-
Type: Task
-
Resolution: Fixed
-
Priority: Major - P3
-
Affects Version/s: None
-
Component/s: None
-
Fully Compatible
-
Server Serverless 2023-03-06, Server Serverless 2023-03-20, Server Serverless 2023-04-03, Server Serverless 2023-04-17, Server Serverless 2023-05-01
Supporting pre-images in the event of a failover after the completion of a Shard Merge is difficult. Consider the following scenario:
- TenantOplogApplier applies a write on the recipient primary during the oplog catchup phase of a shard merge with donor timeline TS = 100 and a pre-image is inserted at the same ts via writeChangeStreamPreImage in db/repl/oplog.cpp.

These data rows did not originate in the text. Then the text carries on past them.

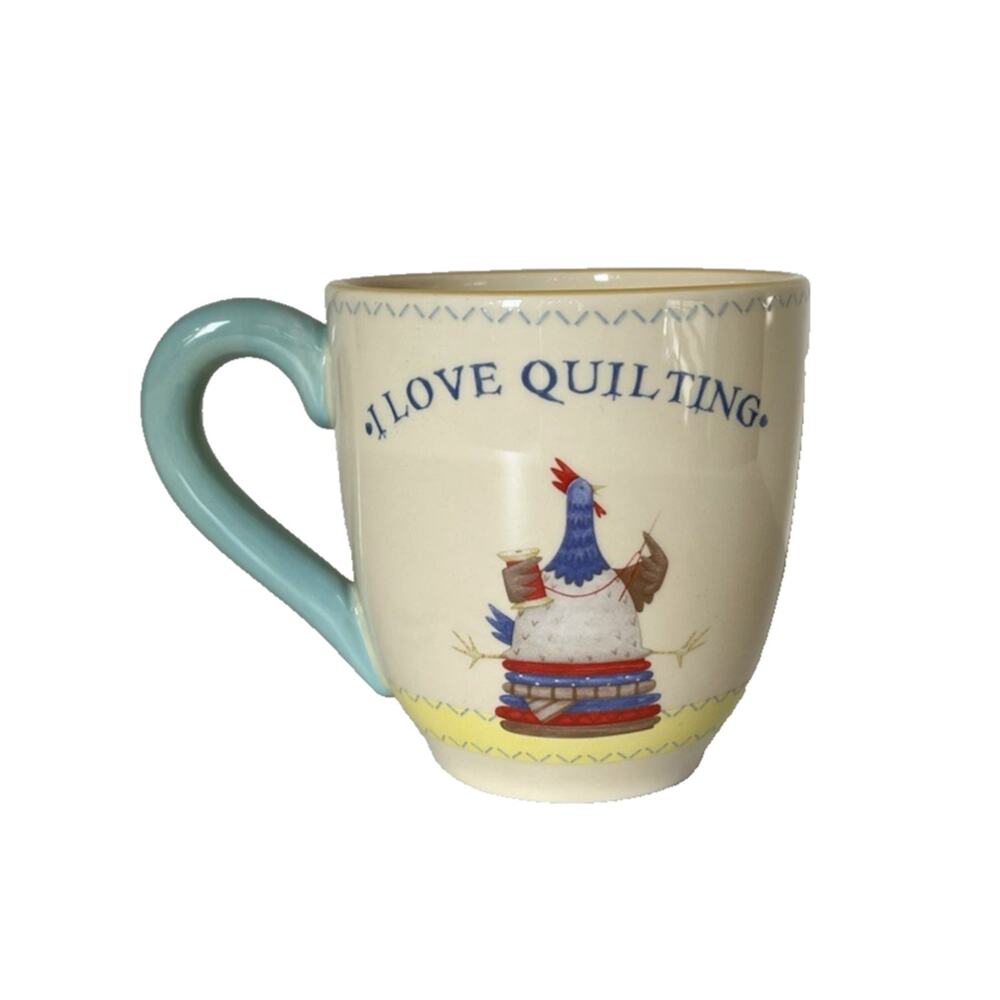 Debbie Mumm “I Love Quilting” Chicken Mug Jo-Ann Fabrics 2009 Ceramic Cottage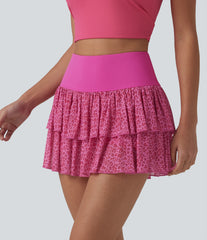 SoftlyZero™ Airy High Waisted Leopard Print Layered 2-in-1 InstantCool Mini Workout Skirt with Pocket-UPF50+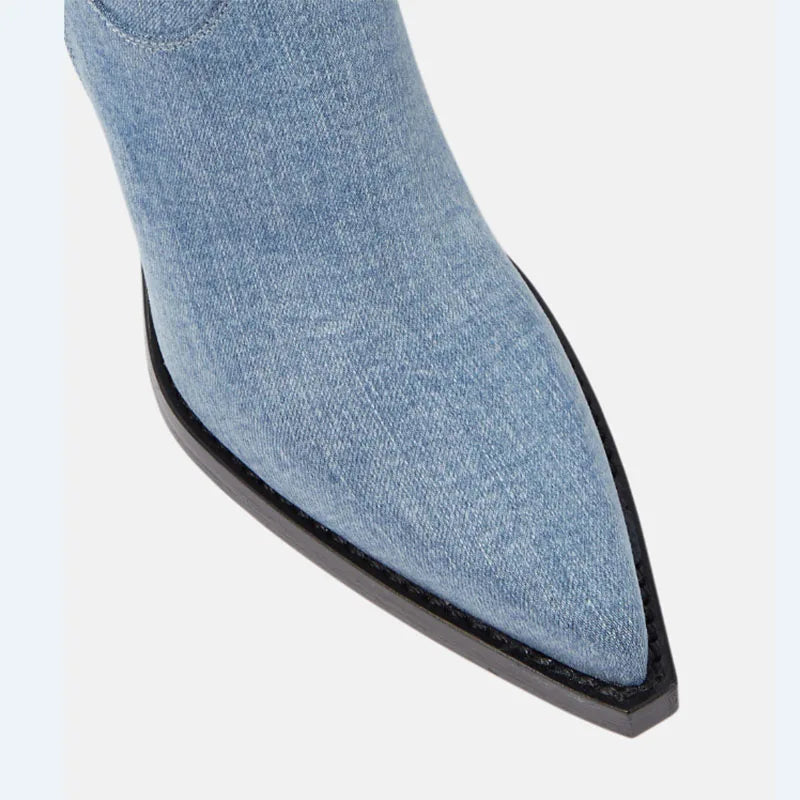 blue denim cowboy Thigh high Boots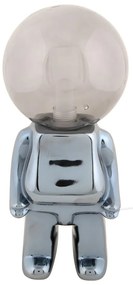 Sivá LED stmievateľná stolová lampa so skleneným tienidlom (výška 27 cm) Ross – Leitmotiv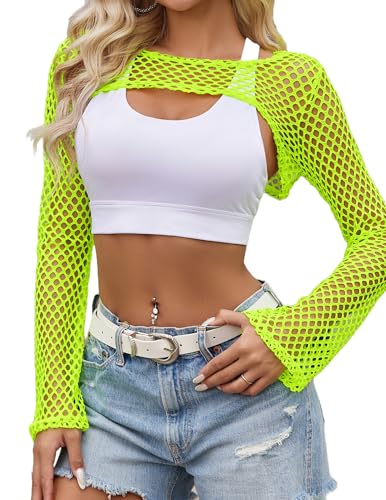Avidlove Fishnet Crop Tops for Women Mesh Long Sleeve Top Bell Sleeves Y2k Tops Sexy Club Outfits XS-XXL - color: Fluorescent Green, size: Medium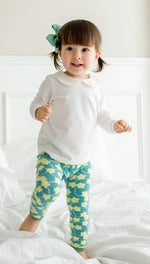 Mint Flower Baby Frill Leggings - Go PJ Party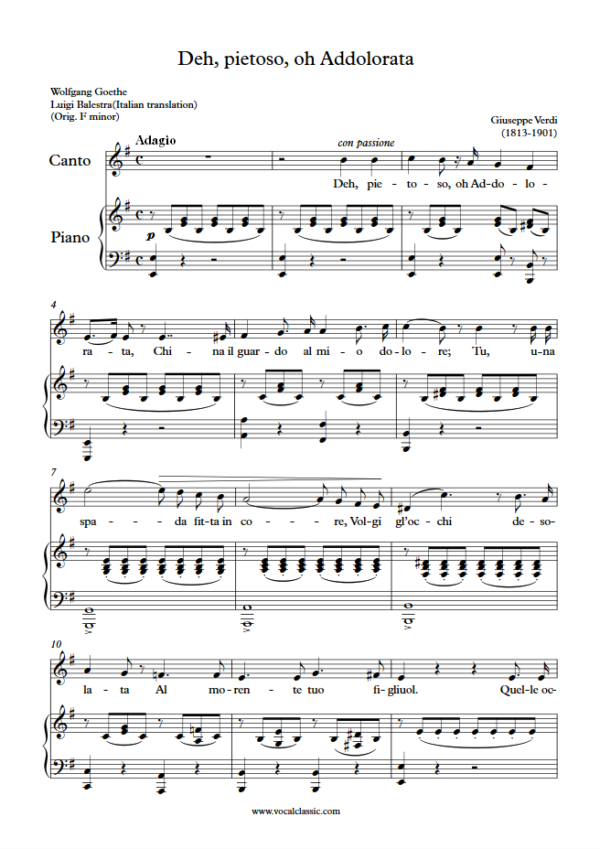 G. Verdi : Deh, pietoso, oh Addolorata (E minor Key) PDF Sheet music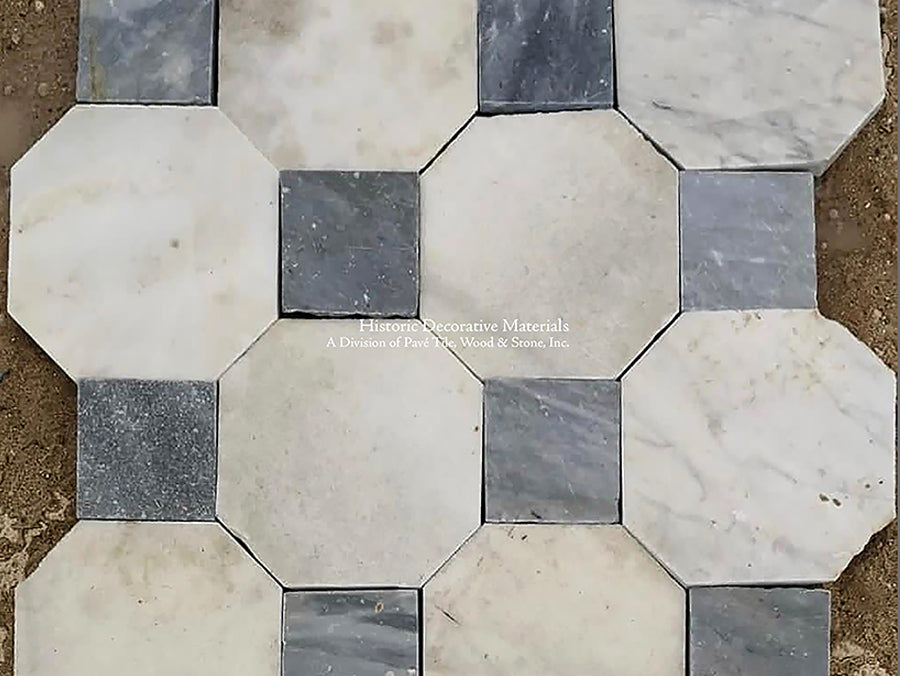 Antique Italian Bianco Carrara Octagon and Nero Cabochon Marble Stone Flooring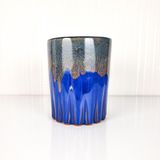Emel Ceramics Tyche – Işıltı Serisi El Yapımı Seramik Espresso Bardağı, Kristal Kesimli Detay, 200 ml - Lacivert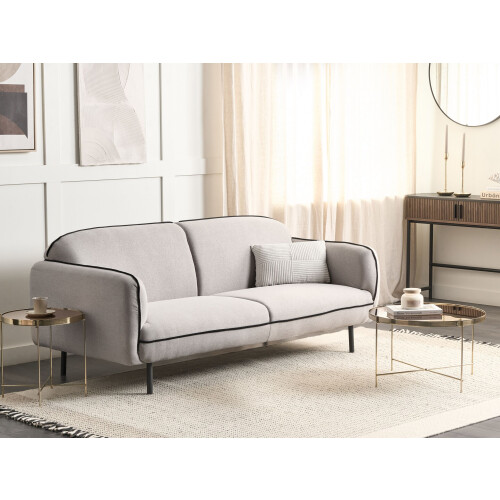 Beliani Sofa 3 Seater TONSBERG Fabric Light Grey 1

The write operation itself is logged on the recipient timeline at TS = 150.
- ChangeStreamPreImageCollectionManager::insertPreImage is called via op observer as a result of the above applied write, but with an optime on the recipient timeline at TS = 150.
- On the recipient secondary, replication happens for the write at TS = 150, resulting in writeChangeStreamPreImage being called, this time on the recipient timeline at TS = 150.
at the end of this sequence of events, we have 2 pre-image entries for the same write on the primary, identical except for differing timestamps (TS = 100 and TS = 150). on the secondary, we have one pre-image entry at TS = 150. if we attempt to resume a change stream on the recipient primary with a resume token from before the migration, we can successfully resume because the pre-image entry on the donor timeline exists. resumption fails on the secondary because only the recipient timeline pre-image entry exists.
Ideally, we should also try to fix the "duplicate" pre-image entry issue described above so that the entries on primary and secondaries are consistent.